In a mobile world, enterprise collaboration services can be a double-edged sword. In one instance, these tools...
can consolidate documents that would ordinarily clog email services and bandwidth. At the same time, however, enterprise collaboration services can embody various modes. Mobile phones, for example, can be used for voice communications and texting, while laptops are used for keyboard input and screen sharing.
In some modes, collaboration might happen only through the app, which allows for simultaneous voice and screen sharing. As enterprise collaboration services become more integrated, they'll also spawn more mobile traffic.
Most carriers, however, now allow Wi-Fi calling capabilities, and most apps can be set to communicate only over Wi-Fi. In those instances, the increase in data on the business mobile network will be minimal.
For organizations with pooled data plans with multiple mobile carriers, many calls within the same carrier network don't count against data-plan minutes. Enterprises should be careful with mobile plans that throttle bandwidth after reaching a certain data threshold. This may prevent enterprise collaboration services from working well or working entirely. However, this issue is easily solved by switching to Wi-Fi services, or moving collaboration to a laptop or computer.
For your Wi-Fi network to accommodate enterprise collaboration services and end-user devices, your bandwidth needs will most likely change. You may find the bandwidth previously allocated is simply not enough.

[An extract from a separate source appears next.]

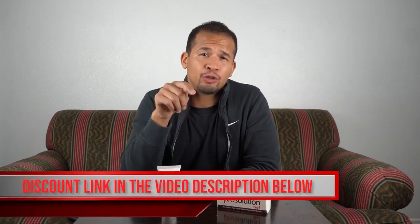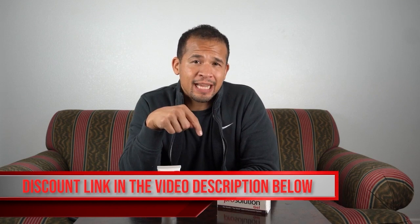Overall, guys, I've had a great experience using ProSolution Gel. I have to give it two big thumbs up. If you wanna try it out for yourself, be sure to use the link in the description below so you can get the same discount that I got — it'll save you a little bit of money. And if you have any comments or questions, needless to say I'm not a doctor, but as always I'm more than happy to answer any and all questions according to my own experience.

This issue can be solved by moving to higher-speed Wi-Fi and providing more antennas and channels to support increased collaboration. Remember, each antenna is connected to at least one switch port. Adding an extra antenna can be like doubling the lanes of traffic, if the signals don't interrupt each other. Signal interruptions can be solved by watching channels and making sure their placement will be beneficial to the environment.